There are various methods of hooking in ELK with our Kubernetes. One method, for example, uses deploys fluentd as a DaemonSet. In the example below, however, we will simply create an Elasticsearch sink for Heapster.

First, in the elk folder in our repository, run the files with:

> kubect create -f .

Elasticsearch and Kibana will be automatically configured.

Next, we need to add it as a Heapster sink. To do this, simply edit the heapster file as follows:

> kubectl edit deployment/heapster --namespace=kube-system

      - command:
        - /heapster
        - --source=kubernetes:https://kubernetes.default
        - --sink=influxdb:http://monitoring-influxdb.kube-system.svc:8086
        - --sink=elasticsearch:http://elasticsearch-logging:9200

Heapster will begin to send metrics to InfluxDB and Elasticsearch, and an Elasticsearch index with the heapster–YYYYMMDD format will be created.

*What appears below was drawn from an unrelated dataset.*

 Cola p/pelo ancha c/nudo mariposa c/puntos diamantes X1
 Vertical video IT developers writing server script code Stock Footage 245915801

To analyze the data in Kibana, first retrieve its external address:

> kubectl get service kibana-logging -n kube-system

Use the external IP with port 5601 to access the Kibana index configuration:

Define the index patterns in Kibana, and you should be able to see the metrics flowing.

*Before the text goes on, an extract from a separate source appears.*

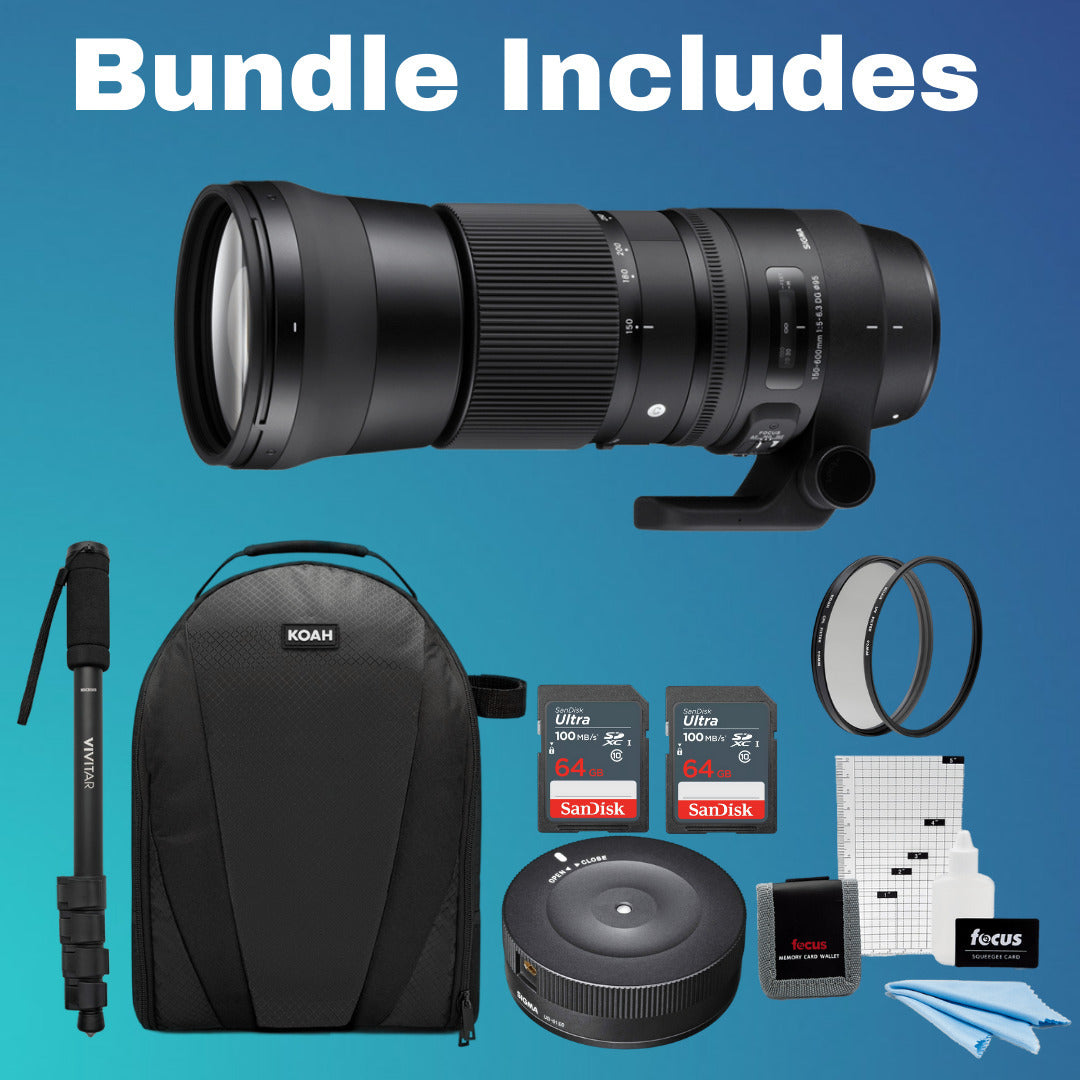 Sigma 150-600mm f/5-6.3 DG OS HSM Contemporary Lens for Nikon with USB Dock and 64GB SD Cards Bundle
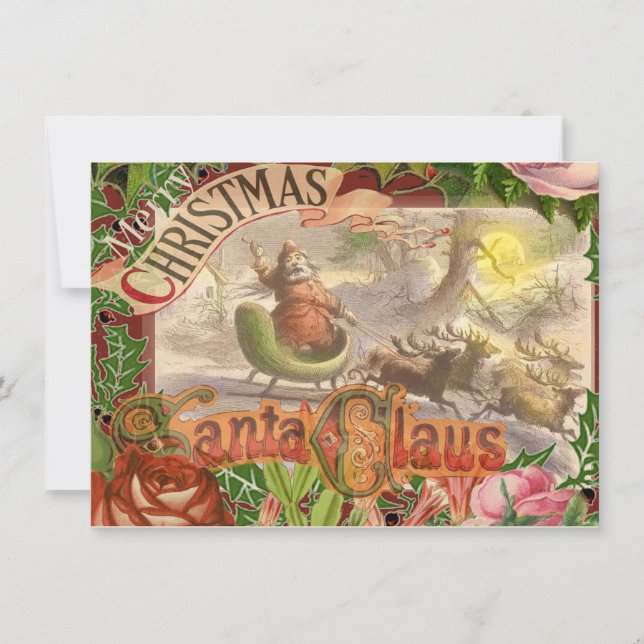 Invitation Vintage Noël Père Noël Sleigh (Devant)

Needless to say, the example above is an overly simple Elasticsearch instance that is not designed for scalability and high availability. And if you are monitoring a cluster, you should also consider not storing the data inside the same cluster as this will affect computed metrics, and you will not be able to investigate issues in case the cluster is down. For a fully scalable OpenSearch (new forked version of the ELK Stack) that doesn’t require any maintenance, try Logz.io, which delivers open source based log, metric, and trace analysis out-of-the-box.

Metricbeat is another ELK monitoring solution that is worth mentioning and will be reviewed in a future post. This solution involves installing Metricbeat on each monitored server to send metrics to Elasticsearch. A Kubernetes module for Metricbeat is still in the beta phase, but you can already use this shipper to monitor your cluster, nodes, and pods.

Logz.io

As mentioned earlier, Logz.io unifies and enhances the most popular open source tools to monitor Kubernetes – including Prometheus, OpenSearch, and OpenTelemetry – on a single platform.

In addition to having a single-pane-of-glass for observability, Logz.io builds additional capabilities on top of the open source like AI to troubleshoot faster, alerting, data optimization to reduce costs, and RBAC. Learn about the way Logz.io unifies and enhances the leading open source observability technologies here.

The result is full observability at a fraction of the cost of traditional solutions. The screenshot below shows Logz.io’s out-of-the-box Kubernetes data visualization and correlation using K8s 360. See a short demonstration to see how to begin collecting and visualizing Kubernetes monitoring data quickly with Logz.io.

Dynatrace

Dynatrace is another APM solution that provides an agent that will run as a DaemonSet in your cluster. The steps to have a Dynatrace agent deployed are less straightforward since you have to collect data from more than one page until you have a proper deployment file.

Once you have the file deployed using

Kubect create -f deployment-file.yml

you’ll have metrics flowing to Dynatrace in a few minutes.

Dynatrace does not distinguish between a simple Linux host and Kubernetes nodes, so you can’t expect some useful Kubernetes metrics exposed by default like with Datadog.

Here is an example of the Dynatrace dashboard:

Endnotes

Deadlines, inexperience, culture, technical background, and management are just some of the obstacles that can affect how successful teams are at implementing effective monitoring and observability.

But at the end of the day, the growing complexity of cloud-native environment is what makes monitoring and logging so difficult these days. As mentioned above, monitoring Kubernetes is one step, but to have a comprehensive view you will need to monitor the applications themselves as well. No one said it was going to be easy!